The above query simply returns the total value. As you actually want not the value itself but a percentage from it for each GEOID, you can just put the SUM(...) OVER call into an expression:
SELECT
GEOID,
Nbr_Parcels_Sold = COUNT(*),
Percent_of_total = COUNT(*) * 100 / SUM(COUNT(*)) OVER ()
FROM
dbo.atable
GROUP BY
GEOID
;
The above will give you integer percentages (truncated). If you want more precision or a different representation, remember to cast either the divisor or the dividend (optionally both) to a non-integer numeric type, since SQL Server always performs integral division when both operands are integers.

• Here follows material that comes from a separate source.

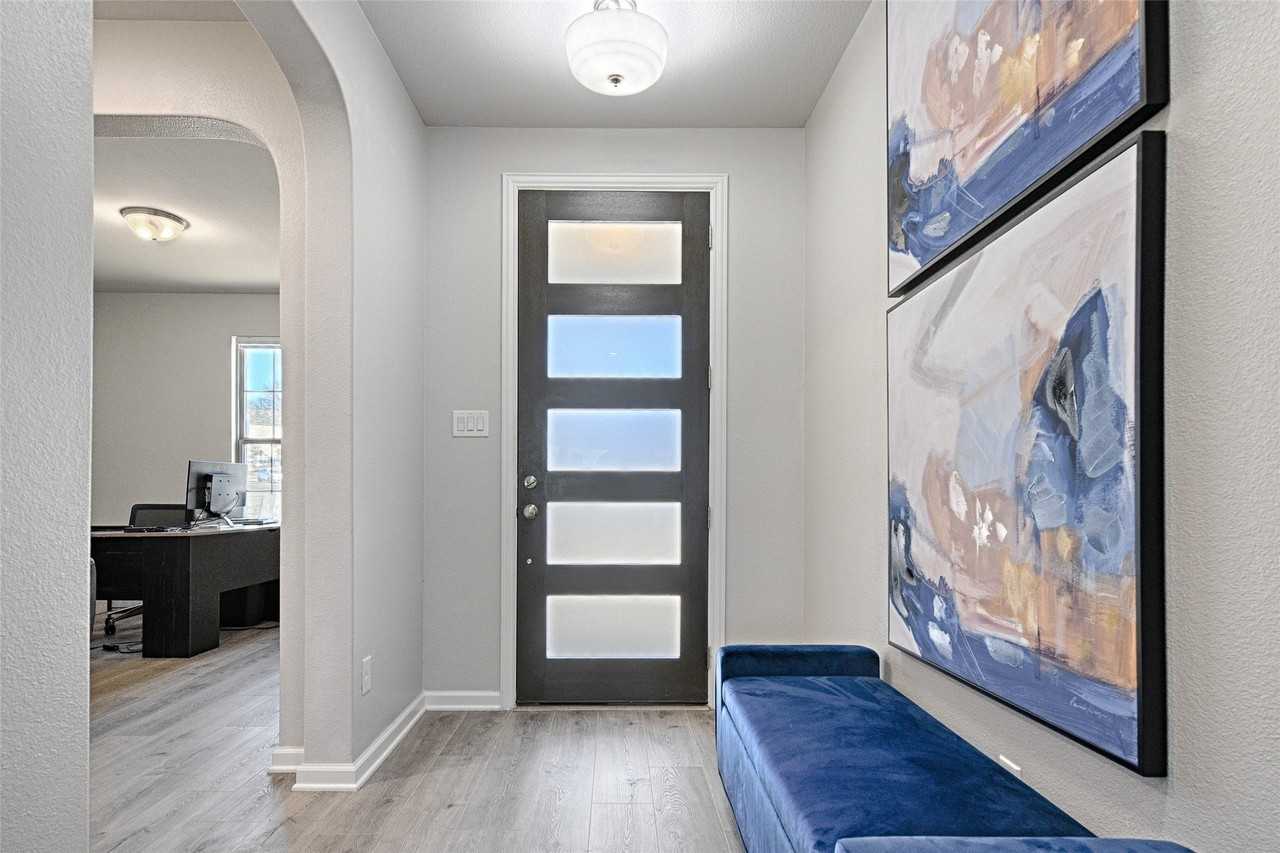 1817 Marvin Garden Trl - Photo 5 of 40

How about using sub-query to count the sum
WITH data AS
(
SELECT *
FROM [Table]
WHERE
YEAR(PURCHASEDATE) * 100 + MONTH(PURCHASEDATE) = 201505
)
SELECT
GEOID,
COUNT(*) AS Nbr_Parcels_Sold,
CONVERT(decimal(18,8), COUNT(*)) /
(SELECT COUNT(*) FROM data) AS Perc_Total
FROM
data t
GROUP BY
GEOID
EDIT
To update another table by the result, use UPDATE under WITH()
WITH data AS
(
SELECT *
FROM [Table]
WHERE
YEAR(PURCHASEDATE) * 100 + MONTH(PURCHASEDATE) = 201505
)
UPDATE target SET
Nbr_Parcels_Sold = source.Nbr_Parcels_Sold,
Perc_Total = source.Perc_Total
FROM
[AnotherTable] target
INNER JOIN
(
SELECT
GEOID,
COUNT(*) AS Nbr_Parcels_Sold,
CONVERT(decimal(18,8), COUNT(*)) /
(SELECT COUNT(*) FROM data) AS Perc_Total
FROM
data t
GROUP BY
GEOID
) source ON target.GEOID = source.GEOID
Try the following. It grabs the total sales into a variable then uses it in the subsequent query:
DECLARE #pMonthStartDate DATETIME
DECLARE #MonthEndDate DATETIME
DECLARE #TotalPurchaseCount INT
SET #pMonthStartDate = <EnterFirstDayOfAMonth>
SET #MonthEndDate = DATEADD(MONTH, 1, #pMonthStartDate)
SELECT
#TotalPurchaseCount = COUNT(*)
FROM
GEOIDs
WHERE
PurchaseDate BETWEEN #pMonthStartDate
AND #MonthEndDate
SELECT
GEOID,
COUNT(PARCELID) AS Nbr_Parcels_Sold,
CAST(COUNT(PARCELID) AS FLOAT) / CAST(#TotalPurchaseCount AS FLOAT) * 100.0 AS Perc_Total
FROM
GEOIDs
WHERE
ModifiedDate BETWEEN #pMonthStartDate
AND #MonthEndDate
GROUP BY
GEOID
I'm guessing your table name is GEOIDs. Change the value of #pMonthStartDate to suit yourself. If your PKs are as you say then this will be a quick query.